# WHAT THE TASK ASKS
Write down exactly what lies from the line containing "GO Healthy Grape Seed 60000mg 300 Caps- GO" to the end of the records, inclusive, and omit the pictures.
── SUPPLIED MATERIAL
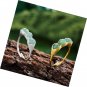 S925 Sterling Silver Ring Creative Pea Natural Aventurine Stone Adjustable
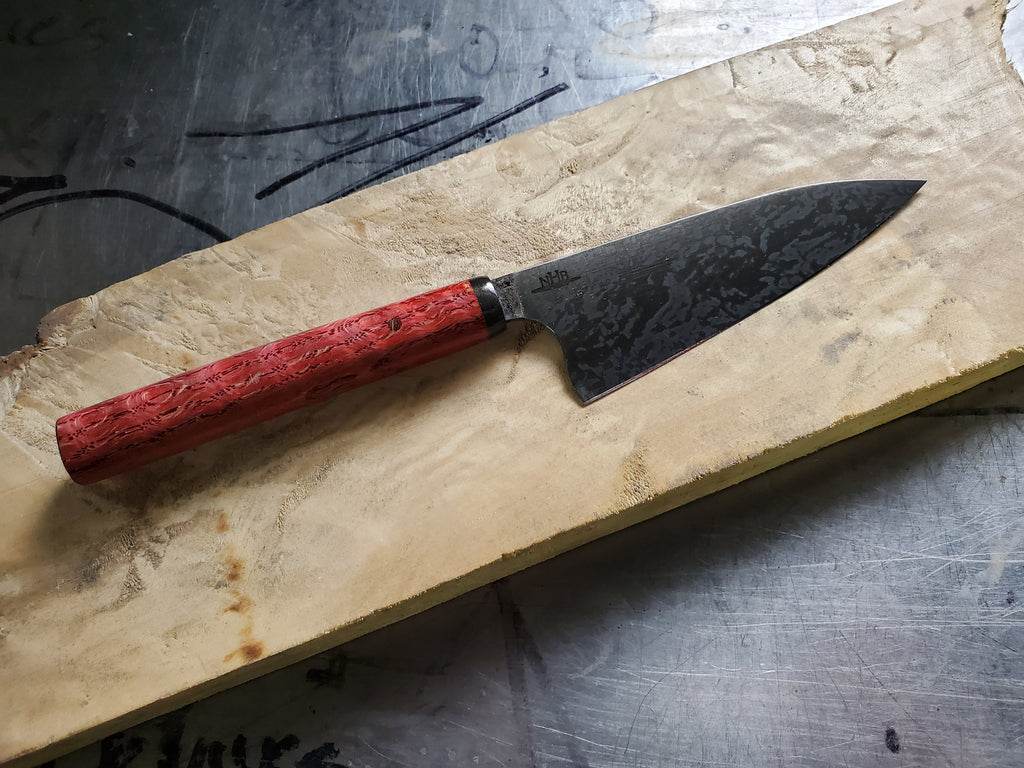 NHB024 - Red Stabilized Oak Micro Chef – McPherson Knives
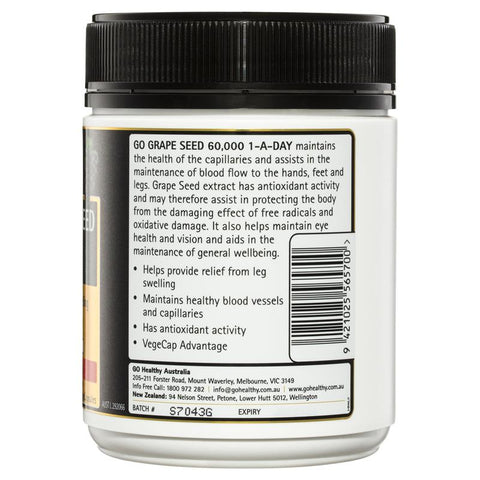GO Healthy Grape Seed 60000mg 300 Caps- GO Healthy Grape Seed 60000mg 300 Caps-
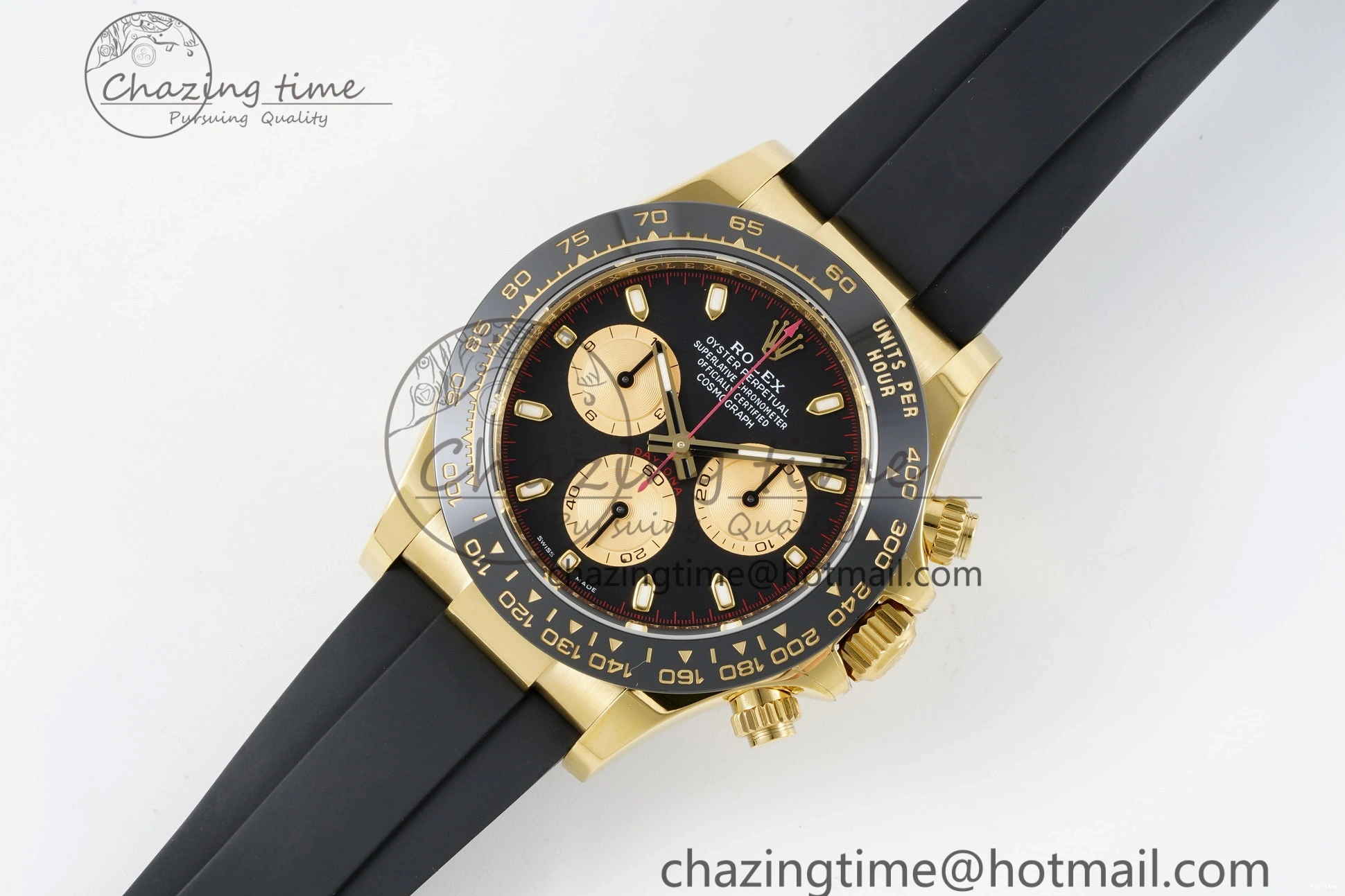 MiroTime 0429 Daytona 116518 BTF 1:1 Best Edition Paul Newman Black YG Dial on Oysterflex Rubber Strap SA4130 V Modern 2259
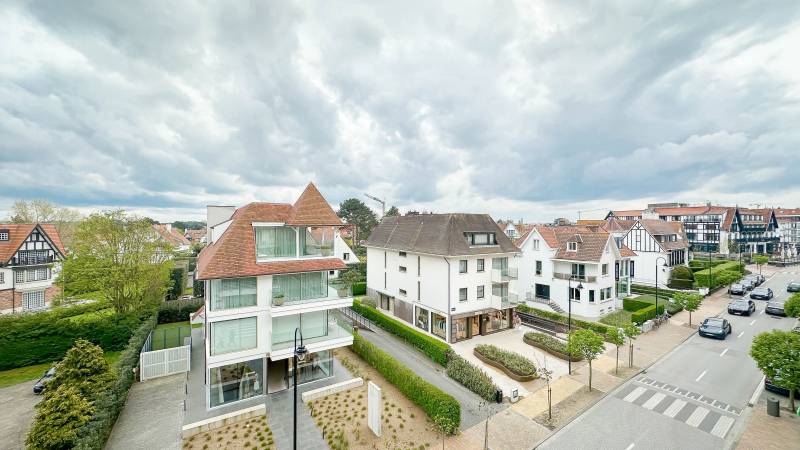 LOCATION Appartement 2 CH Knokke-Zoute - Kustlaan / vue dégagée sur les villas du Zoute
────
# PROBLEM SOLUTION
GO Healthy Grape Seed 60000mg 300 Caps- GO Healthy Grape Seed 60000mg 300 Caps-
 MiroTime 0429 Daytona 116518 BTF 1:1 Best Edition Paul Newman Black YG Dial on Oysterflex Rubber Strap SA4130 V Modern 2259
 LOCATION Appartement 2 CH Knokke-Zoute - Kustlaan / vue dégagée sur les villas du Zoute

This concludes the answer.